Understanding accounting and inventory methods can feel complicated, but the First In First Out (FIFO) method is one of the easiest to grasp. In this guide by The Daily Business, we’ll break down first in first out examples in a simple, practical way so you can apply them in real life or business.
What Is First In First Out (FIFO)?
FIFO is an inventory or accounting method where the oldest items are sold or used first, and newer items remain in stock.
Think of it like a queue:
- The first item that comes in is the first one to go out.
This method is widely used in:
- Retail businesses
- Warehouses
- Food industries
- Accounting and financial reporting
Why FIFO Matters in Business
Before jumping into first in first out examples, it’s important to understand why FIFO is useful:
- Keeps inventory fresh (important for perishable goods)
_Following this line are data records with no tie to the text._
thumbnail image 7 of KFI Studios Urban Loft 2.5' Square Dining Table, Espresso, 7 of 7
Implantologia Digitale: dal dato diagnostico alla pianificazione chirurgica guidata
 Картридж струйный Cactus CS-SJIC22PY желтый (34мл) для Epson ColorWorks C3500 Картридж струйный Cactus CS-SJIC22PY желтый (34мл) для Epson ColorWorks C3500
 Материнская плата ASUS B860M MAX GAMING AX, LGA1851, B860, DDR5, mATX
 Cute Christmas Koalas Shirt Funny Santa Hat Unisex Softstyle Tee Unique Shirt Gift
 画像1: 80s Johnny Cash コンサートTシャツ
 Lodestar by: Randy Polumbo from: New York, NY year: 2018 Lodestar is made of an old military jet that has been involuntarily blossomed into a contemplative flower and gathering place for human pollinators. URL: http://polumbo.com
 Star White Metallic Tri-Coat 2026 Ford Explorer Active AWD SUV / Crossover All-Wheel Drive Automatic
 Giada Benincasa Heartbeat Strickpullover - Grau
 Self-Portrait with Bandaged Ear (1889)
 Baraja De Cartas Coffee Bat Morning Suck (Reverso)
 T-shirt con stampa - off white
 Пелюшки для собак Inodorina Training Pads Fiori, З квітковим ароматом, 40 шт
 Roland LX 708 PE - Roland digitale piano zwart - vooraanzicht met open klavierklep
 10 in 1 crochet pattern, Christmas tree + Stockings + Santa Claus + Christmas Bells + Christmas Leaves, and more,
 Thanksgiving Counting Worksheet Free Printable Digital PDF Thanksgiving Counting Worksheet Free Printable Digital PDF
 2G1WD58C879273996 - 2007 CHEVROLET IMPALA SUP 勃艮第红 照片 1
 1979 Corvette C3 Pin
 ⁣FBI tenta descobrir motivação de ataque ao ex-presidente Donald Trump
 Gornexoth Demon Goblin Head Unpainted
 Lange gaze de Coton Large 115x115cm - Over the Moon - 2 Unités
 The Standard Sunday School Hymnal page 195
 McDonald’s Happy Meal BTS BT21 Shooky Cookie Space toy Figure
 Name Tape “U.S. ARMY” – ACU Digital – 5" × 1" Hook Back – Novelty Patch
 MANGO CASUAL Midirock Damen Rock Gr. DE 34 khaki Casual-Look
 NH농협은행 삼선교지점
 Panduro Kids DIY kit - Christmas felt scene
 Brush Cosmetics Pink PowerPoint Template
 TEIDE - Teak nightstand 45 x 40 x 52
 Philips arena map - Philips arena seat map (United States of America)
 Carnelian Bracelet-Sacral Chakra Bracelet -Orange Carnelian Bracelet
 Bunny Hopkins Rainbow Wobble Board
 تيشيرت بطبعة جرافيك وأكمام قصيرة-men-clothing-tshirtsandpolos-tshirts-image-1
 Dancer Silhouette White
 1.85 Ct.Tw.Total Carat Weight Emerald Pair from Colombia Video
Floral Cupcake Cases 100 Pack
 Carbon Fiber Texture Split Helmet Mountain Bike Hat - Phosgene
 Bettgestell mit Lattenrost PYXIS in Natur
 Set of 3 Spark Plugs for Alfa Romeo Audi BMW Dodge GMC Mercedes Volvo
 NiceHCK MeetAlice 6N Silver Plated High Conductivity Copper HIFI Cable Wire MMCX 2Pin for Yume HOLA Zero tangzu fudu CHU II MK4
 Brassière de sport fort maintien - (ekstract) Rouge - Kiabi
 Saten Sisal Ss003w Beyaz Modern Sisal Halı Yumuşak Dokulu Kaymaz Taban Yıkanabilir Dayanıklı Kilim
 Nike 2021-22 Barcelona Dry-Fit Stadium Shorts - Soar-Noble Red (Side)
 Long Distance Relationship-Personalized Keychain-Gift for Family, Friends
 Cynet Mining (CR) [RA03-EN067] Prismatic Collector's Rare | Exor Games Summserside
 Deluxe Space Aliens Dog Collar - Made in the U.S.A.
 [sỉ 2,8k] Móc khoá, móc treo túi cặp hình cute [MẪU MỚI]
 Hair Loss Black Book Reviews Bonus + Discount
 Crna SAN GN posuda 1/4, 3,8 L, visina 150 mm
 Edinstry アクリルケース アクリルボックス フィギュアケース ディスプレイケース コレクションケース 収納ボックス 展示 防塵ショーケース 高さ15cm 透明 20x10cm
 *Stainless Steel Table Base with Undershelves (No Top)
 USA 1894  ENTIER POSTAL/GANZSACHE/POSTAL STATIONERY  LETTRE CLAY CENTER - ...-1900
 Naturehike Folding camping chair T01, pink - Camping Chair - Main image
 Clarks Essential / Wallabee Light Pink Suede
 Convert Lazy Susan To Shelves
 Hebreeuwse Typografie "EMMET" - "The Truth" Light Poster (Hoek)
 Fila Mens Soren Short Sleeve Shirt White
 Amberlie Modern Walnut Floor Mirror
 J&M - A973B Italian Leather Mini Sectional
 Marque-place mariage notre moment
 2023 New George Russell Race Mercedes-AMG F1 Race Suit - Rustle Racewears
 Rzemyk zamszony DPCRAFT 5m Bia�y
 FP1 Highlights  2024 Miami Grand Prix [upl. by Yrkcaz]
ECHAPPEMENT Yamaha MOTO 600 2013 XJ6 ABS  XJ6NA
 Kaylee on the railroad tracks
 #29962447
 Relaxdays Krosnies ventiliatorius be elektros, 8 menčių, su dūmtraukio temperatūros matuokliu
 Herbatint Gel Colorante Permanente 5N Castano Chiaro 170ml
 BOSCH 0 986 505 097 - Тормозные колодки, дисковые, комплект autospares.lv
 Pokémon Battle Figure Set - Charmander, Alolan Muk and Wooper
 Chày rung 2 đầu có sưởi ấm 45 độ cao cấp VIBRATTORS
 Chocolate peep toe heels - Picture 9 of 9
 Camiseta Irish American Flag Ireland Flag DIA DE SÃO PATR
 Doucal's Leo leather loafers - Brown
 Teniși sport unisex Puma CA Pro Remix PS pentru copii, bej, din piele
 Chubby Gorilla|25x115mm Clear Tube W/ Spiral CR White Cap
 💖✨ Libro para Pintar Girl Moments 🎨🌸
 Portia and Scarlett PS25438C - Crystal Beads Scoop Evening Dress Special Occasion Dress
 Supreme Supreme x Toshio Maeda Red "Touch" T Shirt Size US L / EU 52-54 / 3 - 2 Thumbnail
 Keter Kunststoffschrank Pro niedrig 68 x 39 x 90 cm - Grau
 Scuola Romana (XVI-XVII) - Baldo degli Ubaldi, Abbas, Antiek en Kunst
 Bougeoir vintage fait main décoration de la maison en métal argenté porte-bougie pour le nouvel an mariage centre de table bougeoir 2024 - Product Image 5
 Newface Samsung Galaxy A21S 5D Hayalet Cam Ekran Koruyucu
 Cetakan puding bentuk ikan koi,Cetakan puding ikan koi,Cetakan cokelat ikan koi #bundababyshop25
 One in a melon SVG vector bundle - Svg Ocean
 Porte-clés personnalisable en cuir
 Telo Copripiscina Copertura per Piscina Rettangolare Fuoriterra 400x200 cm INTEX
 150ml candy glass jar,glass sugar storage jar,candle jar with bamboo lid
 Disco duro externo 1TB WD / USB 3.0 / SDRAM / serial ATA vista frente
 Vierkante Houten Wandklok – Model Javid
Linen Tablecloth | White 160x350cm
- Matches real-world flow of goods
- Often results in higher profits during inflation
- Easy to understand and implement
Simple First In First Out Examples
Example 1: Grocery Store Inventory
A store buys milk in batches:
- 100 units at $1 each (Day 1)
- 100 units at $1.20 each (Day 5)
If the store sells 120 units, FIFO means:
- First 100 units sold at $1
- Next 20 units sold at $1.20
Result:
Older stock is sold first, ensuring freshness.
Example 2: Warehouse Stock Management
A warehouse receives products:
- Batch A: 50 units (January)
- Batch B: 70 units (February)
If 60 units are shipped:
- 50 units come from Batch A
- 10 units come from Batch B
This is a clear FIFO process in action.
Example 3: Restaurant Food Usage
Restaurants rely heavily on FIFO:
- Vegetables bought on Monday
- New vegetables bought on Wednesday
Chefs will always use Monday’s stock first to avoid spoilage.
Example 4: Accounting Cost Calculation
A company buys inventory:
- 10 items at $5
- 10 items at $7
If 12 items are sold:
- 10 items cost = $5
- 2 items cost = $7
Cost of Goods Sold (COGS):
(10 × 5) + (2 × 7) = $64
Advantages of FIFO
Using FIFO offers several benefits:
- Simple and logical system
- Reduces waste (especially in food businesses)
- Better inventory tracking
- Reflects actual product flow
Disadvantages of FIFO
While useful, FIFO also has some downsides:
- Higher taxes during inflation (due to higher profits)
- Not always suitable for non-perishable goods
- Requires proper inventory tracking system
When Should You Use FIFO?
FIFO works best when:
- You deal with perishable goods
- Inventory prices are rising
- You want a simple accounting method
- Stock rotation is important
Final Thoughts
These first in first out examples show how simple and practical the FIFO method really is. Whether you run a small shop, manage inventory, or study accounting, FIFO helps you keep things organized and efficient.
At The Daily Business, we recommend FIFO for businesses that want clarity, accuracy, and better stock management without complexity.